Requirement: Take from the entries below the stretch from the line with "ORACLE Lighting Headlights" through the line with "Aquarium Wave Maker, Double", and return it exactly, leaving the pictures out.
──────── Data to examine ────────
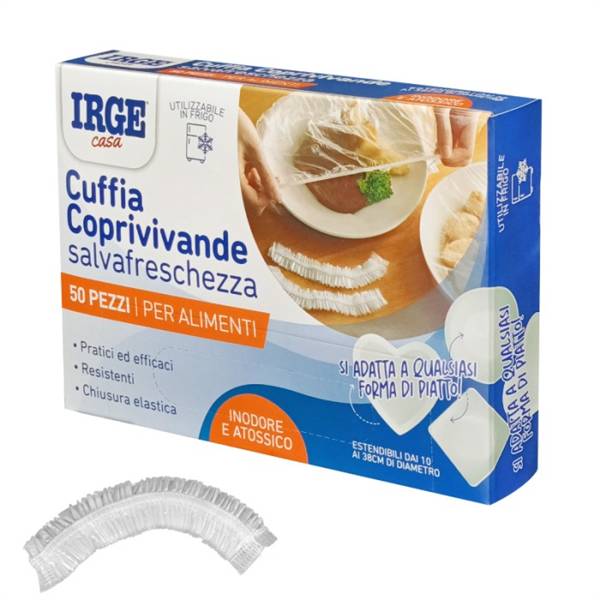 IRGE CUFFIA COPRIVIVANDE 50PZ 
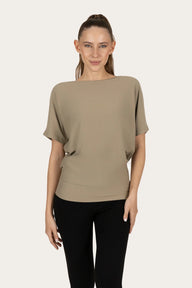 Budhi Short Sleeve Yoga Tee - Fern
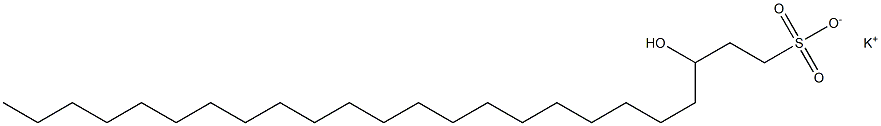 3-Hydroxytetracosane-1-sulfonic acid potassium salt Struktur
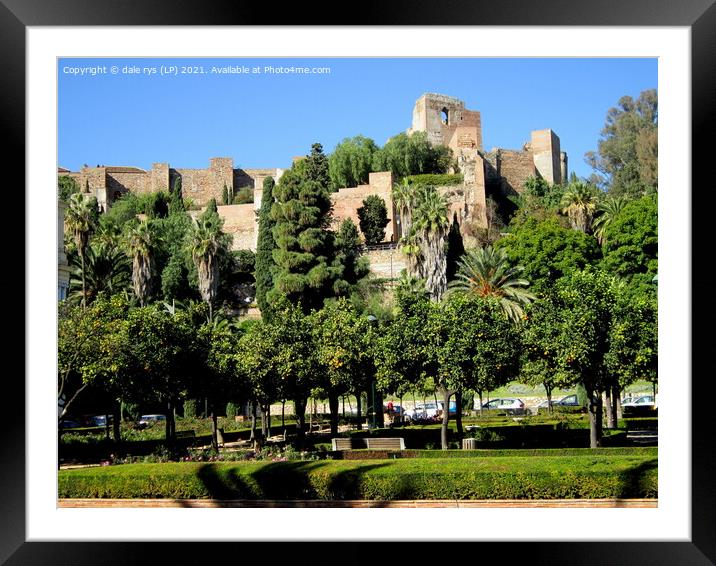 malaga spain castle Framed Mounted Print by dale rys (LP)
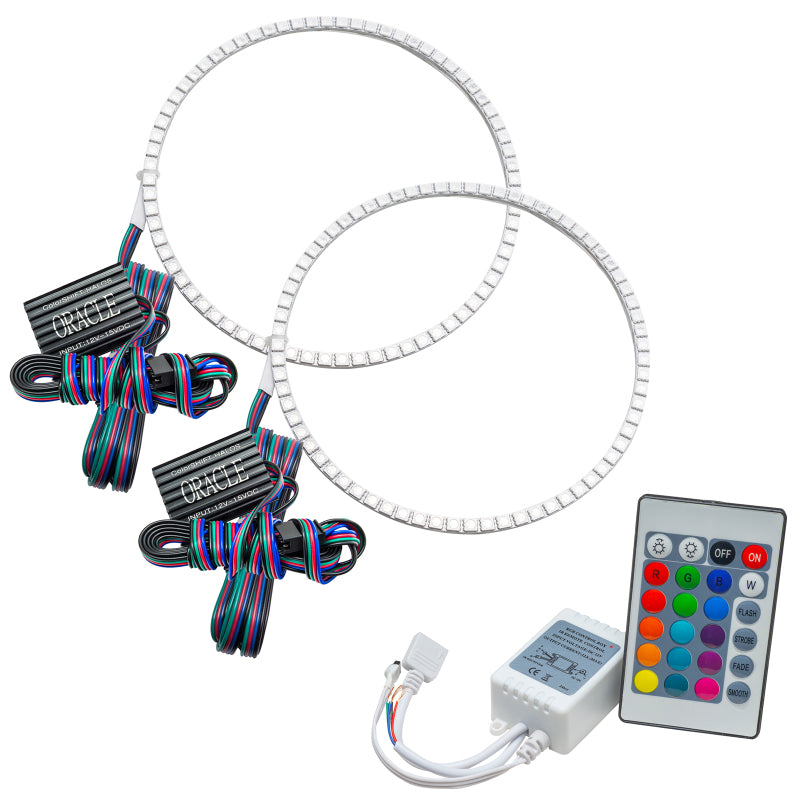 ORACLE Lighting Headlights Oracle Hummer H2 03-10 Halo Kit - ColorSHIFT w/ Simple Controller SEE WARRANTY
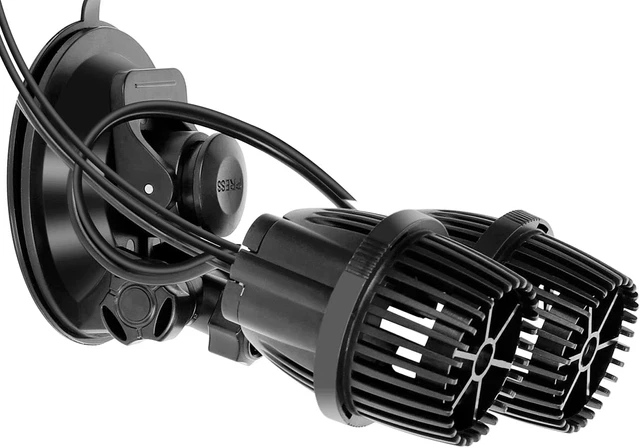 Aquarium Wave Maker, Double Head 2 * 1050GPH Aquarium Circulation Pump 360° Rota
────────
──────── Data to examine ────────
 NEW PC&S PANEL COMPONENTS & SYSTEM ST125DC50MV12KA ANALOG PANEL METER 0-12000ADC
────────
Answer to this task:
 ORACLE Lighting Headlights Oracle Hummer H2 03-10 Halo Kit - ColorSHIFT w/ Simple Controller SEE WARRANTY
 Aquarium Wave Maker, Double Head 2 * 1050GPH Aquarium Circulation Pump 360° Rota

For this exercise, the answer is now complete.